There are a couple of reasons we decided to return here. First, it’s a beautiful walk through a white pine and, in the wetter places, hemlock, forest. Nestled in a glen, cut by the river, it is a tree-hugger’s delight, with trees that range from being new-growth, to upwards of 200-years old (which you can tell by the thickness of the trunks). There are a few deciduous trees, but not many. The ratio of conifers to deciduous trees is upside down from what it is along the Assebet River Rail Trail. While Waldo enjoys the smells and new sticks he finds, Christine and I puzzle over the reason for that.

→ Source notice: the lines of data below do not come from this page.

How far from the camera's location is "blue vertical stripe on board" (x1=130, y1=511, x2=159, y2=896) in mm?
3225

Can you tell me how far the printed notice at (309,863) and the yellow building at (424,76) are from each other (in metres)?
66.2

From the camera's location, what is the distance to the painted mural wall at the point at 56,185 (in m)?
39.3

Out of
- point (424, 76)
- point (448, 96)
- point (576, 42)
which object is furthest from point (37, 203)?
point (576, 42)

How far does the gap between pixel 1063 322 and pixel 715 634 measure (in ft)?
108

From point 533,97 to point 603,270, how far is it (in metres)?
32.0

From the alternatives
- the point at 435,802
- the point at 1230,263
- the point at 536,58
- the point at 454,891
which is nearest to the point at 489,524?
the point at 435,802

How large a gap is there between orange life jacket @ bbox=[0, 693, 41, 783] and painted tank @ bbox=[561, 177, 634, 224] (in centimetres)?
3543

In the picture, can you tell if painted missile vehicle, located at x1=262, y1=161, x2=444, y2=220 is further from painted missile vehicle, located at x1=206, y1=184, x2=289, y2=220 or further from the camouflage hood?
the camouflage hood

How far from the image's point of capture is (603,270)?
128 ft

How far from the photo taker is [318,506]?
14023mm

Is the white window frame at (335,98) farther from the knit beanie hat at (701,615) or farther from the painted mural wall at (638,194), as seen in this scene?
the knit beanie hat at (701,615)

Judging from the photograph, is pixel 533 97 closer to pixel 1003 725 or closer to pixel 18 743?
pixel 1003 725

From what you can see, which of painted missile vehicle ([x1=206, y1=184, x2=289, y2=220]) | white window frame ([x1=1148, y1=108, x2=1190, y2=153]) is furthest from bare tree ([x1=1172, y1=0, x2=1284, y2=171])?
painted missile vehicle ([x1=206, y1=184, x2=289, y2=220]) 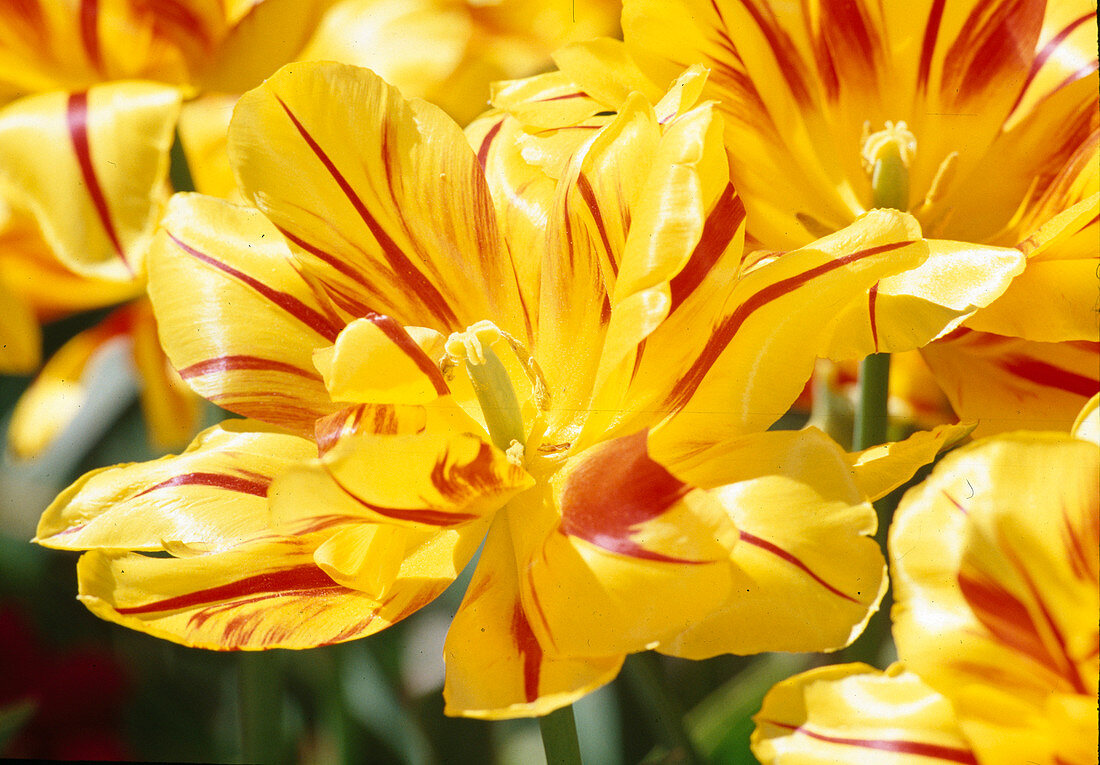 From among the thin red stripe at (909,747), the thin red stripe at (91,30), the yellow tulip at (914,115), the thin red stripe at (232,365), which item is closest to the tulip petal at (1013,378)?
the yellow tulip at (914,115)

After a forest fire, there is a natural progression of the regrowth of flora as life recovers from the burn. First, there are meadows, eventually filled in by pines and then those are replaced by oaks, maples and so forth. This can’t be the whole story, because in many places, there are two-hundred year old pines growing next to two-hundred year old oaks. Here, there are both old-growth white pines and old-growth oaks, there are just so many more pines. Curious.
The temperature is cool, making it comfortable to wear a light jacket, unzipped. The trail is sequestered beneath hills that rise on both sides, protecting us from the wind. The river, on our left, rushes down a narrow course, over large granite rocks, in whitecapped turbulence. The sky cover is broken, with high wispy clouds that allow sunlight to penetrate to the ground occasionally. Where it is sunny, things are quite warm, and I’m working up a sweat. Especially when we get to the part of the trail that winds up over some hills. We pass other people out doing the same as we are, some with dogs, some on bikes, who also think it’s a good day to roam.
There is some kind of construction going on in the hills. Large earth-moving vehicles are parked on recently created dirt roads that were no more than footpaths the last time we were here. These roads don’t just follow where the footpath was, they branch off and go hither and thither in purposeful directions, I just can’t tell what that purpose is. Are they going to build a housing development up here? God, I hope not.
Soon, we come down a hill and the path abuts Wachusett St. Just across the road, I can see Mill Street. Since we were last here, I’ve found more websites that project where the trail is likely to go (these are not easy to find, because there are places, like Mill Street, where the trail doesn’t officially exist yet). The information I found is necessary because there are places where the footpath does not follow the old railroad bed, so the continuation of the trail isn’t obvious. I know the path doesn’t follow the old railroad bed because there are sometimes twists and turns that no steam locomotive could ever navigate. I kept my eyes open as we meandered our way in the hills today and saw no obvious sign of where the railroad used to go. But where we have been walking, according to the internet, is where the completed “rail trail” will go and it continues on to Mill Street. That’s a project for a later date.
Seeing both ends of this trail was another motivation for returning to this hike. Now that I have some idea of where the trail is going to go, I can look around and see where to park the car when we adventure on. Now all we need is a nice, dry, warm (without being hot) day to do it.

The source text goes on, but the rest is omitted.